Upper Darby Council President Changes Party to Run for Mayor
Upper Darby Council President Brian Burke is running for mayor—as a Republican.
The former Democrat said that he is disappointed with the direction of the township administration, township finances, and the overall management of Upper Darby.
Burke told DVJournal that he is mainly concerned with the sweetheart deal former township manager Vince Rongione received when he left, believing it to be illegal. And Burke is also dismayed by the parking ticket scandal, where some 18,000 tickets remain unpaid, among other issues.
“This administration has mismanaged the operations and finances of Upper Darby government, including putting many people in leadership positions who do not possess the necessary qualifications and experience to lead the state’s 6th largest municipality,” said Burke. “The mismanagement has led Upper Darby to a critical crossroads. On one road, we continue down the path that this failed administration has led us, which will likely bring Upper Darby to financial ruin and continued dysfunction.
“Down the other road, we (can) create a thriving Upper Darby, where neighborhood businesses thrive, our schools bring out the best in our kids, and we feel safe no matter the time of day. That is the road I choose, and I am asking the citizens of Upper Darby to join me and support me down that road,” he said.
Burke added, “I decided to switch my registration from Democrat to Republican after watching in disbelief how the leaders of the Upper Darby Democratic Party have repeatedly endorsed the mismanagement and dysfunction of Mayor Keffer and her administration,” said Burke. “They have put blind allegiance to a political party’s interests, such as patronage and doling out lucrative township contracts at great expense to the taxpayer, ahead of our best interests.
“As president of council, I have a proven record of working with elected officials on both sides of the aisle who want to work for the common good of our township and residents, not for the interests of political party leaders. If elected Mayor, I pledge to put in place a bipartisan administration, a coalition government, that is staffed by highly qualified individuals who have one goal, to get our hometown back on the right track. Because it is going to take all of us to Save Upper Darby,” he said.
Keffer, the current mayor who has been away at rehab after being arrested for driving under the influence, announced via Zoom Wednesday that she is not running again. Democrat School Board President Edward Brown is running and is expected to be endorsed by the Upper Darby Democrats. However, neither Brown nor the township Democrat chair could be reached for comment.
Council Vice President Laura Wentz has also thrown her hat into the ring in the mayoral race, and remains a Democrat.
Wentz said she’s running “to bring a union activist’s determination to fight for everyone in Upper Darby Township. Now more than ever, we need elected officials who will stand up for all the people. We need a mayor who will work to revitalize our local economy, bring living wage jobs to our community, and improve our natural environment.

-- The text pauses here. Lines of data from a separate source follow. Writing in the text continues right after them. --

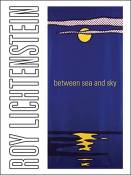 Roy Lichtenstein : Between Sea and Sky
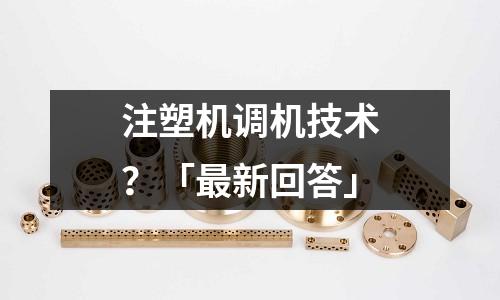 注塑机调机技术?「最新回答」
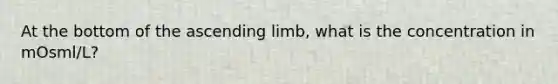 At the bottom of the ascending limb, what is the concentration in mOsml/L?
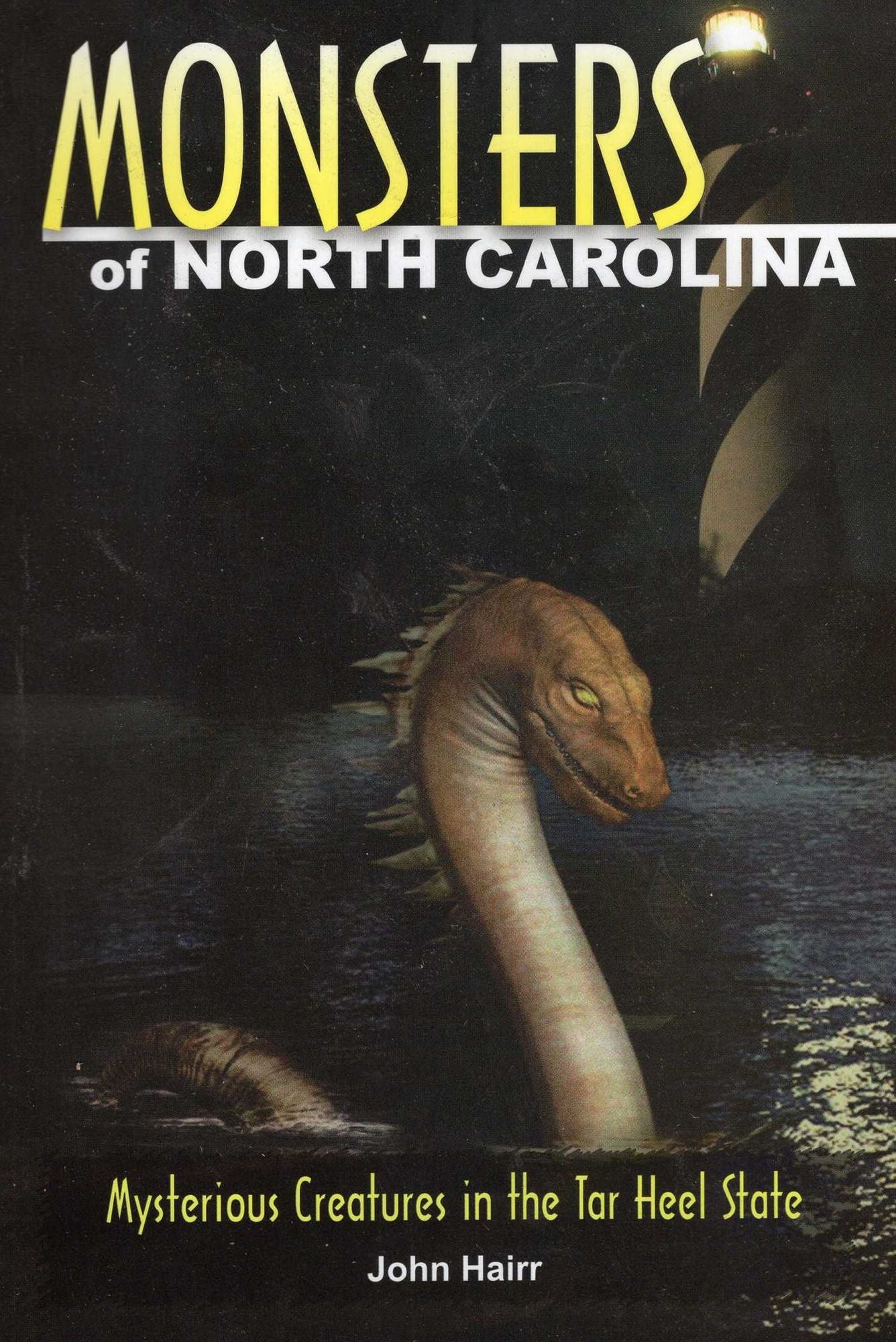 Monsters of North Carolina: Mysterious Creatures in the Tarheel State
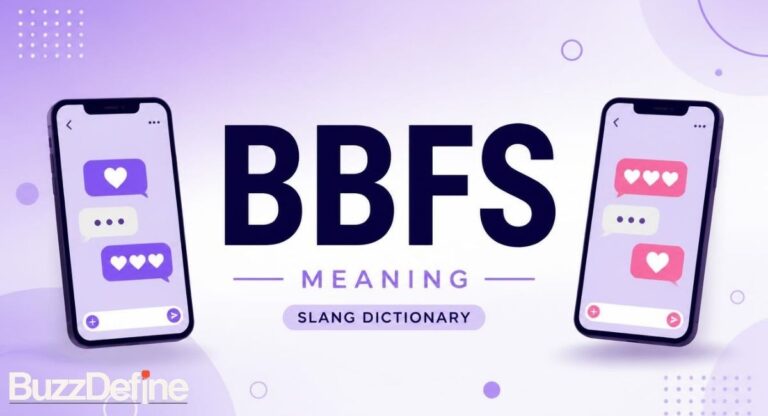 BBFS meaning in slang — what BBFS stands for in texting and social media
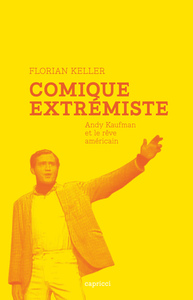 Image de COMIQUE EXTREMISTE - ANDY KAUFMAN ET LE REVE AMERICAIN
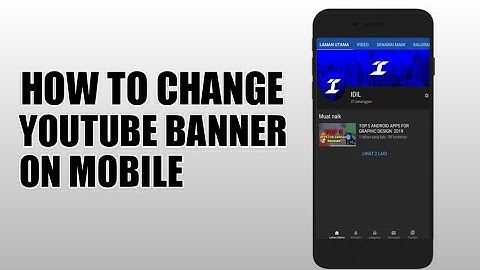 HOW TO CHANGE YOUTUBE BANNER ON MOBILE 2020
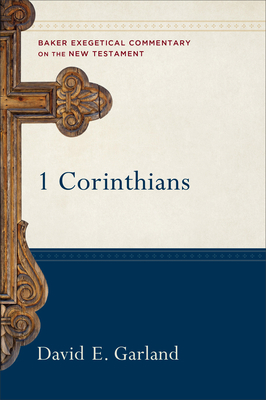 1 Corinthians (Baker Exegetical Commentary on the New Testament #1) By David E. Garland Cover Image
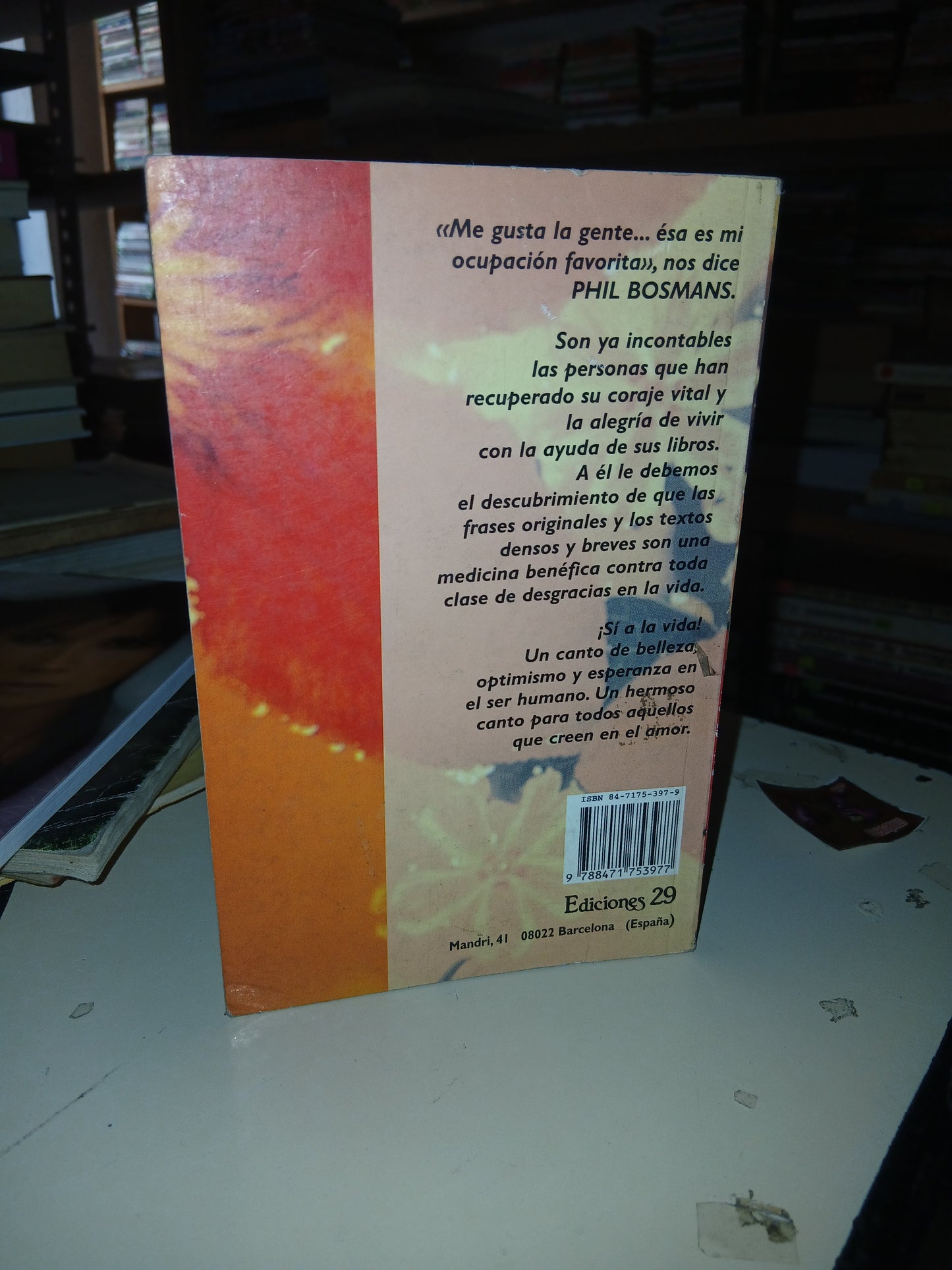 SÍ A LA VIDA POR PHIL BOSMANS USADO SUPERACIÓN PERSONAL LITERARIO 207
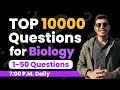 Top 10000 Questions | 1-50 | Dr. Anand Mani | NEET 2023 | NEET Biology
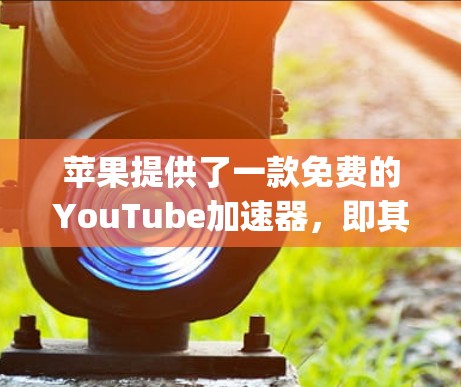 苹果提供了一款免费的YouTube加速器,即其Apple TV Plus Plus版。以下是详细的介绍和使用指南 苹果提供了一款免费的YouTube加速器,即其Apple TV Plus Plus版。以下是详细的介绍和使用指南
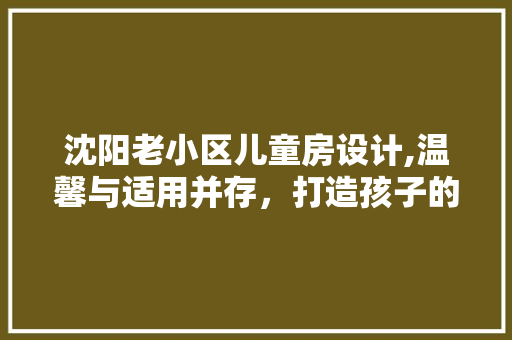 沈阳老小区儿童房设计,温馨与适用并存，打造孩子的快乐天地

“Being truly transparent would require that the administration be communicative, open, and respectful to residents, business owners, and our council,” Wentz said. “Whether it is about new ordinances, economic matters, or projects, my administration will be transparent. I will insist that my administration demonstrate an attitude of fairness and equality for all in the township, no matter if they live here, work here, or have business here. You can count on me remaining true to these principles to which I have been passionately committed for many years.”
Burke has served on Upper Darby Council since 2019, when he was elected as a Democrat to an at-large seat and has served as president of the township council since January 2022.
“I love Upper Darby. Our town is filled with many great people and unique neighborhoods, but over the past three years, I have grown increasingly concerned about the direction of our township government,” said Burke.
The Upper Darby Democrats blackballed Burke, Wentz, and Councilman Matt Silva after they voted with Republicans for Burke to be council president, Burke said. The party officials promised never to endorse them.
Wentz said, “Improving the quality of life in Upper Darby is not a task for one person. It will take a village to improve the quality of life in this township. It will take all of our hands to help, all of our voices and all of our ideas to help create the best for our township. This is not about accepting one person’s vision, but this is about realizing our shared vision. I pledge to work hard to accomplish these priorities and more if elected mayor of Upper Darby.”
Burke said he would be delighted to run against Wentz if the primary voters nominate her. The two remain friends, as well as colleagues.
“Upper Darby wins if it’s Laura or me,” said Burke.